This repository delivers a possible implementation for the paper:
MaSiMe: A Customized Similarity Measure and Its Application for Tag Cloud Refactoring https://doi.org/10.1007/978-3-642-05290-3_112
The code is a Python script that leverages the Natural Language Toolkit (NLTK) and its WordNet interface to analyze and modify a given tag cloud by mapping each word to its most frequently associated synonym based on the provided data.
The script performs the following key operations:
- Initializes a sample tag cloud as a dictionary with words and their respective counts.
- Finds synonyms for each word using NLTK's WordNet.
- Maps each word in the tag cloud to its most frequent synonym.
- Aggregates the counts of the original words based on this new mapping.
- Outputs a modified tag cloud reflecting these changes.
Before running the script, ensure you have Python installed on your system. Additionally, you will need NLTK and its WordNet dataset. Follow these steps to set up:
- Install Python: Download and install Python from the official website.

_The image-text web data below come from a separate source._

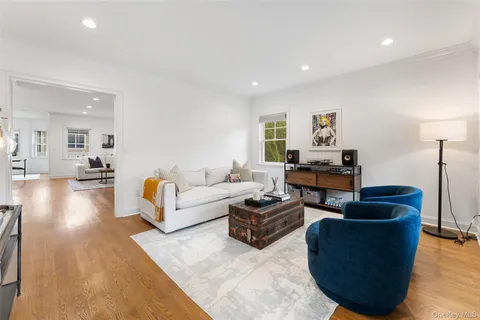 $2,095,000 | 109 Lee Road, Scarsdale, NY 10583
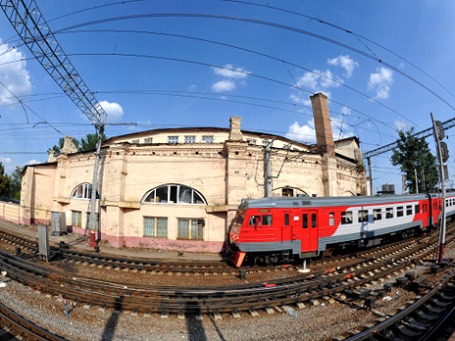 Круговое паровозное депо входит в ансамбль зданий Ленинградского вокзала и относится к выявленным объектам культурного наследия. Фото: РИА Новости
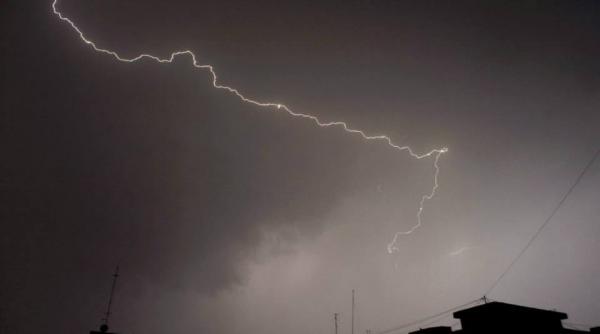 cod galben de ploi torentiale grindina si vijelii in capitala si mai multe judete pana la ora 16 00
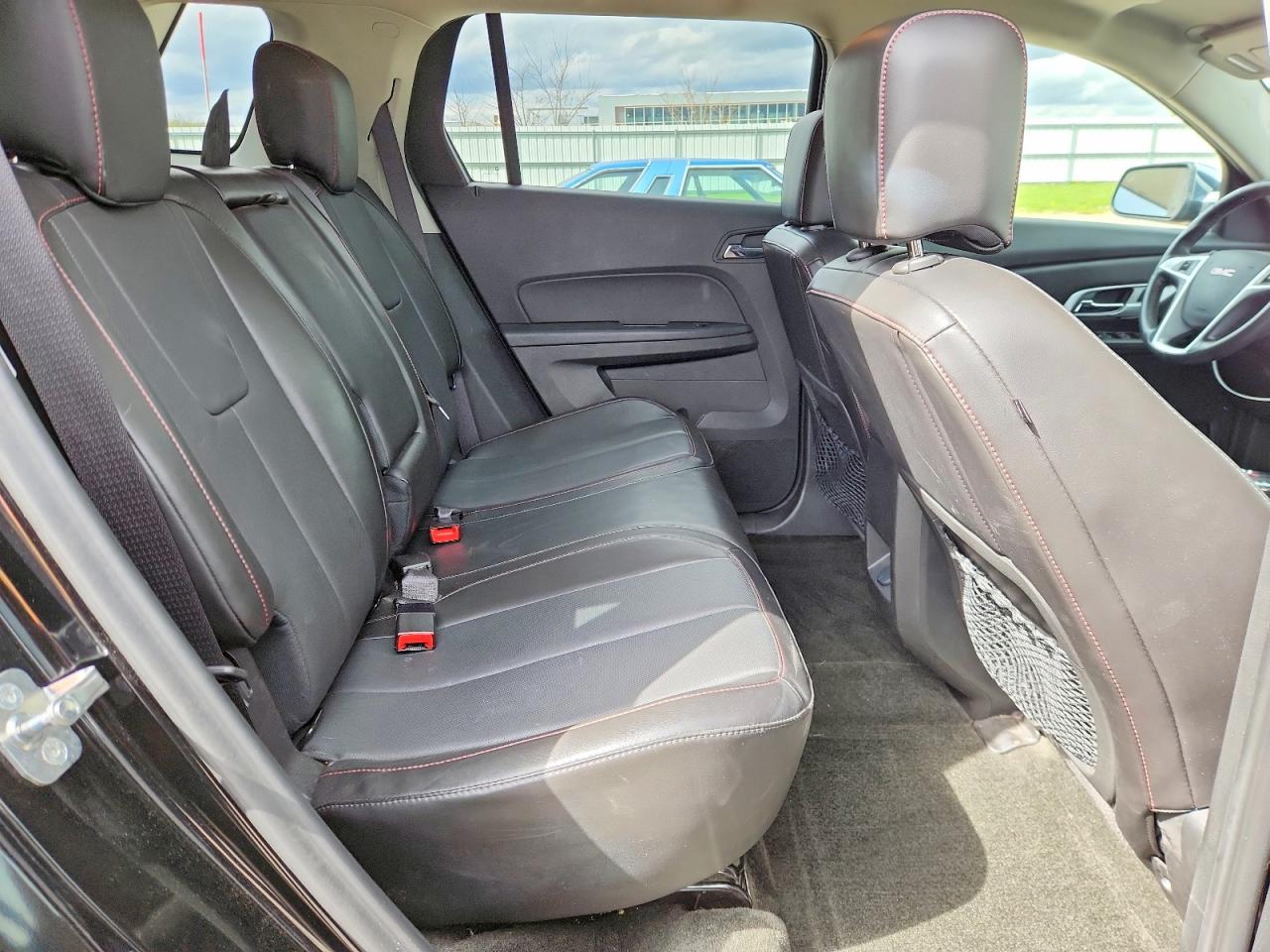 2017 GMC TERRAIN SLT photo 19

- Install NLTK: Run the following command to install NLTK:
pip install nltk
- Download WordNet Data: The script will automatically download the necessary WordNet data from NLTK. However, you can also manually download it using a Python interpreter:
import nltk
nltk.download('wordnet')
To use the script, simply run it with a Python interpreter. You can modify the tag_cloud
dictionary in the script to use your own data. The script will output the new tag cloud based on synonym mappings.
python app.py
- The script's efficiency and accuracy are dependent on the WordNet dataset's coverage.
- Synonym mappings are based on the frequency of words in the initial tag cloud, which may not always represent semantic similarity accurately.
This script is provided as-is under the MIT License. Feel free to use, modify, and distribute as needed.